Prises à l’insu du SM, mais dans son local, à l’occasion d’interviews données à des journalistes de France 3, ces images montrent sur un "mur des cons" des personnalités politiques et des journalistes, et sur une affichette, "avant d’ajouter un con, vérifiez qu’il n’y est pas déjà".

Christophe Régnard, président de l’USM (Union syndicale des magistrats), syndicat majoritaire dans la magistrature, répondait sur Twitter à l’information qu’il était sur le "murs des cons" : "On est toujours le con de quelqu’un." Mais comment expliquer que des magistrats de gauche, si prompts à défendre la présomption d’innocence et l’importance des droits de la défense, puissent se livrer à de telles stupidités, sans même se rendre compte que le ciel va leur tomber sur la tête dès que le "mur des cons" sera découvert ?

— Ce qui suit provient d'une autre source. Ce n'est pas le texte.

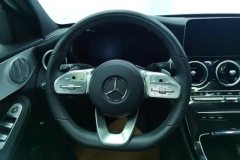 2021 Mercedes-Benz C-Class 2021 1.5T AT C260star shineCollector #15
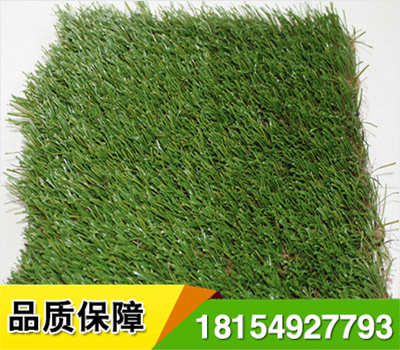 足球場(chǎng)人造草坪施工前瀝青基礎(chǔ)平整度:基礎(chǔ)應(yīng)具有一定的強(qiáng)度和穩(wěn)定性,基礎(chǔ)不能產(chǎn)品裂縫和由于冰凍引起的不均勻凍脹,平整度合格率在95%以上,3米直尺誤差3mm.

Bien sûr, les plaintes en diffamation, injure publique ou privée des malheureux nominés du "mur des cons" n’aboutiront à aucune condamnation pénale du SM, car il n’avait nulle intention de diffuser ces images strictement privées. Il n’en reste pas moins que ce chef-d’oeuvre de l’art brut trônait dans le local du SM, où de nombreux journalistes viennent à tout moment, depuis l’ère Sarkozy.

Ceci explique peut-être cela. 2003, annus horribilis pour les juges. Nicolas Sarkozy était ministre de l’intérieur. Tout était pour lui prétexte à éroder l’autorité judiciaire et à mordre aux mollets l’indépendance de la justice. C’était l’année de la loi sur la sécurité intérieure, celle d’une politique de pénalisation de la misère et de haine des juges, qui protestaient vainement.

2007, loi sur les peines planchers, la possibilité d’ adapter la peine à la personnalité du délinquant est déniée aux magistrats, alors que c’est la fonction même du juge. Les prisons se remplissent inéluctablement, et Mme Dati, garde des sceaux, ferme le quart des tribunaux français. Les magistrats humiliés sont dans la rue avec leurs syndicats en 2008. Ils y retournent en 2011, après le drame de Pornic, où l’assassinat et le viol d’une jeune femme sont quasiment imputés aux juges de l’application des peines.

Une vingtaine de lois s’empilent ainsi jusqu’en 2012 : à chaque fait divers sa loi, à chaque problème de société sa sanction pénale, sans réflexion. Bref, Nicolas Sarkozy a mis les juges au bord de la crise de nerfs en les niant comme autorité judiciaire. Ce "mur des cons" n’est-il pas la réaction affective, hystérique, magique, d’une partie de ce corps social en danger, celui des magistrats ? N’est-il pas une sorte de maraboutage de l’ennemi, un peu comme on enfonce des aiguilles dans la photo de son adversaire ?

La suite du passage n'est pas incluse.